# U beat me LFS i give up



## boxer (Sep 11, 2003)

i didn't have anything to feed my spilo at the time so on the way home i stopped by my LFS (PETCO i hate u) which is real close. bought rosies and large goldfish. i put 1 goldfish with my spilo and he got ripped a new one. the goldfish lived and was swimming around tail-less so i threw him in the 55 gallon with my 5 baby rbps, pleco, and 2 crabs to get tossed around. boy did everybody get a piece of him. the rbps pulled out his insides and plucked out his eyes while he was still alive. well the goldfish believe it or not was still alive swimming at the botom and floating at the top back and forth running into the wall until the crab hammered him and threw the rest for the pleco. all of a sudden, i notice worms swimming around my freaking tank! these worms were 1mm thin or less u could hardly notice them but they were wriggling. i would say it was 1mm x 3mm and wriggling to the top. my baby p's thinkin it was bloodworms snatched up the worms. it was only 2 i seen, i watched as 1 got eaten and netted the other as quickly as possible. i moved my other net around the whole tank trying to catch any debris or worms i couldn't see.

now all my baby rbps are going psychotic. most of them are 10x active in a bad way. a few are banging themselves into the wall and 1 is constantly swimming upside down and sideways hitting my bamboo stick. they must have the worms inside them itching away. they are just so active but its freaking me out because they are swimming up and down anywhere not stayin still. my sister is like wtf is wrong with your fishes so i know im not the only one noticing.

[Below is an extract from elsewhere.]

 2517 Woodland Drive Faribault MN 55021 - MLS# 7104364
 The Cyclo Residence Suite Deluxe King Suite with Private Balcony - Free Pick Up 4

what can i do, i quarantined the feeders in their own community tank. i rarely give my babies live fish, mostly bloodworms and cichlid pellets but i felt the goldfish was going to waste. dumbass me, better safe than sorry. i know they arent in the worst of danger but i know what its like to have WORMS


----------



## boxer (Sep 11, 2003)

just read the tropical fish parasite list that SC put in another thread. its really hard to identify something so small. its a white worm thats all i know so far. i'll look into more depth. i had a problem like this before because it is probably common in feeders


----------



## Honda99_300ex (Apr 18, 2003)

I don't think it's the feeders man, those are commonly caused by bad water conditions, a couple water changes should fix it


----------



## boxer (Sep 11, 2003)

i did a 20% water change the night before. they were chillin and enjoying the water last night. as soon as the feeder went down they went crazy. i checked the pH levels and it was 7.3 i know its high but i can't get it lower too easily. i bought 3 different packets for changing/lowering pH. 2 of them get the pH to 7.0 and 1 just plain lowers the pH. its been working slowly but thats not it. i increased the temp to 84 but didn't add salt yet.


----------



## o snap its eric (Feb 19, 2003)

ph nor salt not temp gets rid of what sounds like planeria. Planeria comes from bad water condition. Left over food and ammonia causes them to crawl all over. Many people do not see them until close inspection. To get rid of them do a clean gravel vac along with scooping up everything that has not been eatin in the past 15 mins. Do 2 water change a week about 40-50%. Keep water clean and they will be gone. PLaneria can also live in the sand/gravel so once commotion was occuring that had to do with sand they pushed up.


----------



## tweaked (Aug 3, 2003)

Boxer ... if the worms looked like little tiny white earth worms the lenght of __ then it's from poor water conditions and over feeding (dirty tank). Several 
water changes with gravel vac should clear the tank.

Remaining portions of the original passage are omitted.